[MATERIAL SHOWN Boundary: Start]
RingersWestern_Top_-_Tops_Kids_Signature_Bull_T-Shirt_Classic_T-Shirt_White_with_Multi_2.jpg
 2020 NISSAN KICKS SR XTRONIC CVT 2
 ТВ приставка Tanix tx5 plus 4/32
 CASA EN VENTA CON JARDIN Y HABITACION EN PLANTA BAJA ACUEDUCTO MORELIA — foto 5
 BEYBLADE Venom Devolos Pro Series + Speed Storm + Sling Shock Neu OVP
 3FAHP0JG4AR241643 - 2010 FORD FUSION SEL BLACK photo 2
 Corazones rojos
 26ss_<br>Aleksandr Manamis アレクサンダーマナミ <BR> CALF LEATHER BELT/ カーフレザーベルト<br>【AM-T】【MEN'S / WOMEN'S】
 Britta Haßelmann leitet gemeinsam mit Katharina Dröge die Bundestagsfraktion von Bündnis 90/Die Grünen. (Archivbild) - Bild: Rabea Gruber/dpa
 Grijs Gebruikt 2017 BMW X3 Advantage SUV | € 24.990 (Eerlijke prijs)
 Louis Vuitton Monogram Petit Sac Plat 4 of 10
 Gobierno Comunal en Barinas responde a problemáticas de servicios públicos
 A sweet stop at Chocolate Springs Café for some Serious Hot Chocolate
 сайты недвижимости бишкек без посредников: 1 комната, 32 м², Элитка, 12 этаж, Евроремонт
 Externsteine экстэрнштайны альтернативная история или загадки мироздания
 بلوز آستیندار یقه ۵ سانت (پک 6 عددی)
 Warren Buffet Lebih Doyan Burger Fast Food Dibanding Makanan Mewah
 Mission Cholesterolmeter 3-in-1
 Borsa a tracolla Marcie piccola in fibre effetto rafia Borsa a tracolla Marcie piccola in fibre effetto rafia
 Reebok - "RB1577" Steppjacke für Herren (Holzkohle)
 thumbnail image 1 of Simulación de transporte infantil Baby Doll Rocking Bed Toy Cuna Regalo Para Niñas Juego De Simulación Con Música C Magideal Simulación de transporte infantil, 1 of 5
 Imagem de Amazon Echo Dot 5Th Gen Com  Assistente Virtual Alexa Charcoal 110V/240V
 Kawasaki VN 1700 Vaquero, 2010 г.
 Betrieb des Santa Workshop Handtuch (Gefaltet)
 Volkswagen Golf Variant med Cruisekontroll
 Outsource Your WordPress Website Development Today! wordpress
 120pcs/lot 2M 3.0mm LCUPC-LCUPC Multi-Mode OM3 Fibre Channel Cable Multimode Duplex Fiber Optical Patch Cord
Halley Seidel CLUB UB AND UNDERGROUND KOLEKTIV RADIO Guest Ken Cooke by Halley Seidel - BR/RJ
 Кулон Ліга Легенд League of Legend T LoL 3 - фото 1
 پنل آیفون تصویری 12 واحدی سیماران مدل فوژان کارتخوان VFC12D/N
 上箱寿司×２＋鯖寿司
[MATERIAL SHOWN Boundary: End]
[WORK TASK]: Each line above must be output exactly as it stands.

[THE COMPLETED TASK]:
RingersWestern_Top_-_Tops_Kids_Signature_Bull_T-Shirt_Classic_T-Shirt_White_with_Multi_2.jpg
 2020 NISSAN KICKS SR XTRONIC CVT 2
 ТВ приставка Tanix tx5 plus 4/32
 CASA EN VENTA CON JARDIN Y HABITACION EN PLANTA BAJA ACUEDUCTO MORELIA — foto 5
 BEYBLADE Venom Devolos Pro Series + Speed Storm + Sling Shock Neu OVP
 3FAHP0JG4AR241643 - 2010 FORD FUSION SEL BLACK photo 2
 Corazones rojos
 26ss_<br>Aleksandr Manamis アレクサンダーマナミ <BR> CALF LEATHER BELT/ カーフレザーベルト<br>【AM-T】【MEN'S / WOMEN'S】
 Britta Haßelmann leitet gemeinsam mit Katharina Dröge die Bundestagsfraktion von Bündnis 90/Die Grünen. (Archivbild) - Bild: Rabea Gruber/dpa
 Grijs Gebruikt 2017 BMW X3 Advantage SUV | € 24.990 (Eerlijke prijs)
 Louis Vuitton Monogram Petit Sac Plat 4 of 10
 Gobierno Comunal en Barinas responde a problemáticas de servicios públicos
 A sweet stop at Chocolate Springs Café for some Serious Hot Chocolate
 сайты недвижимости бишкек без посредников: 1 комната, 32 м², Элитка, 12 этаж, Евроремонт
 Externsteine экстэрнштайны альтернативная история или загадки мироздания
 بلوز آستیندار یقه ۵ سانت (پک 6 عددی)
 Warren Buffet Lebih Doyan Burger Fast Food Dibanding Makanan Mewah
 Mission Cholesterolmeter 3-in-1
 Borsa a tracolla Marcie piccola in fibre effetto rafia Borsa a tracolla Marcie piccola in fibre effetto rafia
 Reebok - "RB1577" Steppjacke für Herren (Holzkohle)
 thumbnail image 1 of Simulación de transporte infantil Baby Doll Rocking Bed Toy Cuna Regalo Para Niñas Juego De Simulación Con Música C Magideal Simulación de transporte infantil, 1 of 5
 Imagem de Amazon Echo Dot 5Th Gen Com  Assistente Virtual Alexa Charcoal 110V/240V
 Kawasaki VN 1700 Vaquero, 2010 г.
 Betrieb des Santa Workshop Handtuch (Gefaltet)
 Volkswagen Golf Variant med Cruisekontroll
 Outsource Your WordPress Website Development Today! wordpress
 120pcs/lot 2M 3.0mm LCUPC-LCUPC Multi-Mode OM3 Fibre Channel Cable Multimode Duplex Fiber Optical Patch Cord
Halley Seidel CLUB UB AND UNDERGROUND KOLEKTIV RADIO Guest Ken Cooke by Halley Seidel - BR/RJ
 Кулон Ліга Легенд League of Legend T LoL 3 - фото 1
 پنل آیفون تصویری 12 واحدی سیماران مدل فوژان کارتخوان VFC12D/N
 上箱寿司×２＋鯖寿司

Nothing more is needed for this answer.